An den Grenzen laufen Straßenhunde herum. Niemand fragt sie nach einem Pass, stattdessen werden sie mit Resten gefüttert. Größere vierbeinige Freunde auf der Straße lassen den Bus bisweilen langsamer fahren oder ausweichen. Das Warnschild „Achtung Kühe“ sehe ich hier auf der Fahrt zum ersten Mal.

In Tbilisi angekommen haben wir noch eine knappe Stunde, bis unser Zug fährt, und sind nicht am richtigen Bahnhof. Also fahren wir zunächst Metro. Das hektische Tbilisi ist heute für uns nur noch eine Umstiegsstadt. Am Bahnhof angekommen nutzen wir den Foodcourt der Bahnhofsmall für ein schnelles Essen und bereuen es anschließend.

Ortwin hat uns diesmal nur die zweite Klasse gegönnt. Das erdet, ich nehme an, er möchte uns wieder an unseren Alltag zweiter Klasse gewöhnen. Ich döse auch hier erst mal weg. Als ein Schaffner mich weckt und nach dem Ticket fragt, schaue ich auf den leeren Platz neben mir. »eTicket?«, fragt er. Ich nicke und der Schaffner auch, wobei es sich bei mir eher um ein Ort-Ticket handelt. Wo ist der eigentlich? Ich sehe ihn hinter der Durchgangstür zum nächsten Wagen. Warum steht er dort herum, er sitzt doch sonst so gern.

[Anmerkung Ortwin:] Ortwin hat sich eine der wenigen Toilettenplätze im Zug gesichert, nur leider hat der Schaffner den Waggon mittlerweile abgeschlossen und er kommt nicht zurück. Schade, aber die Leute im Türbereich sind sehr nett.

Die Fahrt zieht sich diesmal und wir bekommen weder Kaffee noch Tee serviert.

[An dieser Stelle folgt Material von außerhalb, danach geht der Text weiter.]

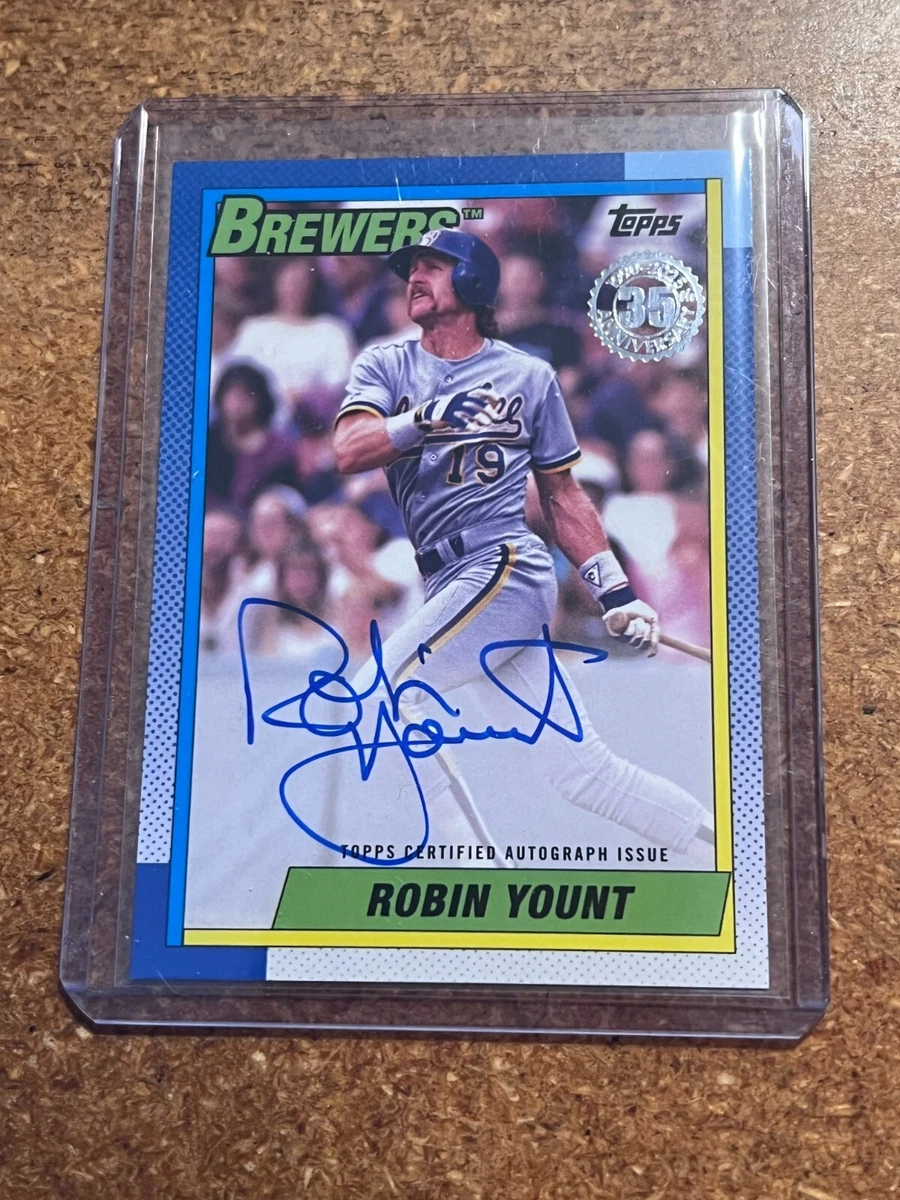 2025 Topps Series 1 - Robin Yount #90AU-RY for sale | eBay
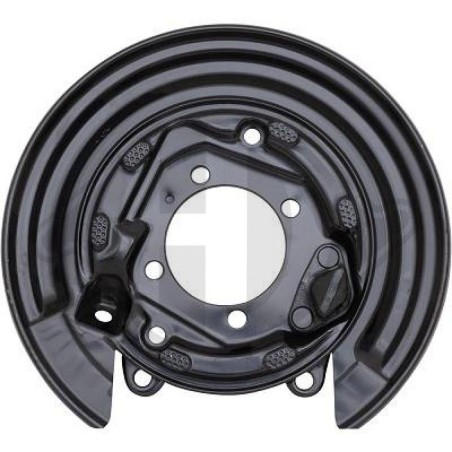 DIEDERICHS 9898010 Chapa protectora contra salpicaduras, disco de freno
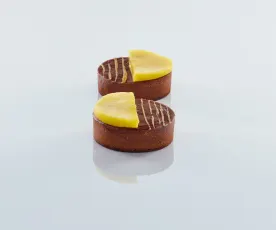 Bachour: Tarta con pudín de chocolate TM6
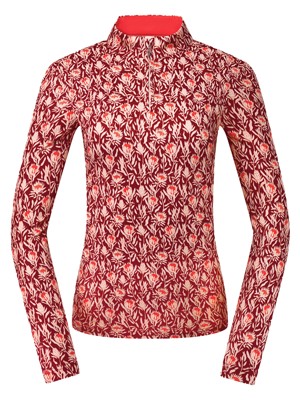 Pure Golf Ladies Arusha Long Sleeve Quarter Zip Pullover - Perennial Fields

Das kommt davon, wenn man privat und nicht Business reist.

Vom Bahnhof müssen wir ein Taxi zum Guesthouse nehmen. Dort bleiben uns nach Ankunft und kurzem Ausflug zum Supermarkt für Wasser und Abendbrot Erdnüsse noch etwa fünf Stunden Ruhe. Dann geht es zum Flughafen und ich lande das erste Mal auf dem Berlin-Brandenburg Airport.  Dann ist die Reise vorbei. Aber keine Angst, ich habe noch ein bis zwei Blogposts, um herunterzukommen. 

FunFact: Bei Dreharbeiten auf der BER Flughafenbaustelle habe ich dort 2019 mein Fahrrad auf dem Rollfeld anschließen können.